KABRİN ARKASINI ÖGRENMEK

”İşte, o zat, bir saadet-i ebediyenin muhbiri, müjdecisi, bir rahmet-i bînihâyenin kâşifi ve ilâncısı ve saltanat-ı Rububiyetin mehâsininin dellâlı, seyircisi ve künûz-u esmâ-i İlâhiyenin keşşâfı, göstericisi olduğundan, böyle baksan-yani ubûdiyeti cihetiyle-onu bir misal-i muhabbet, bir timsal-i rahmet, bir şeref-i insaniyet, en nuranî bir semere-i şecere-i hilkat göreceksin. Şöyle baksan yani risaleti cihetiyle bir burhan-ı hak, bir sirac-ı hakikat, bir şems-i hidayet, bir vesile-i saadet görürsün.

İşte, bak: Nasıl berk-i hâtıf gibi, onun nuru şarktan garbı tuttu. Ve nısf-ı arz ve hums-u beşer, onun hediye-i hidayetini kabul edip hırz-ı can etti. Bizim nefis ve şeytanımıza ne oluyor ki, böyle bir zâtın bütün dâvâlarının esası olan Lâ ilâhe illâllah’ı, bütün meratibiyle beraber kabul etmesin?”
(On Dokuzuncu Söz, Altıncı Reşha)

Peygamber Efendimiz Aleyhisselatü Vesselam, kabrin arkasını insan aklının göremediği sonsuz mutlulugu müjdeliyor. Rahmeti sonsuz olan Allah’ı doğru ve hak bir şekilde keşfedip ilan ediyor. İnsanları da buna davet ediyor.
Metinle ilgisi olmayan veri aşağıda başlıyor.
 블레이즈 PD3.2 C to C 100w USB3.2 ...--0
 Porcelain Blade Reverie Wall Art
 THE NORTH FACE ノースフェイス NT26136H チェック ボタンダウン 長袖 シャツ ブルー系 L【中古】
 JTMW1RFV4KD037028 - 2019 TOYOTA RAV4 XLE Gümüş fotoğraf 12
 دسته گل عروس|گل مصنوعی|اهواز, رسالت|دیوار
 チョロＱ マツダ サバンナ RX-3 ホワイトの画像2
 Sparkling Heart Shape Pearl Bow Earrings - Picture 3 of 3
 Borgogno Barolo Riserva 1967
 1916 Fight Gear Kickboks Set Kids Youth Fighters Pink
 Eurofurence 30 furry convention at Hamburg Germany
Allah’ı varlığı, birliği ile değil, isim ve sıfatları ile keşfedip gizli hazineler hükmünde olan isimlerini hem görüyor hem de bize gösteriyor.

Peygamber Efendimiz (asm)’e bu gözle baktığımız zaman O’nun hakkın bir delili, hakikatin bir lambası, hidayetin güneşi ve saadetin en kuvvetli ve sarsılmaz bir vesilesi olduğunu anlar ve görürüz.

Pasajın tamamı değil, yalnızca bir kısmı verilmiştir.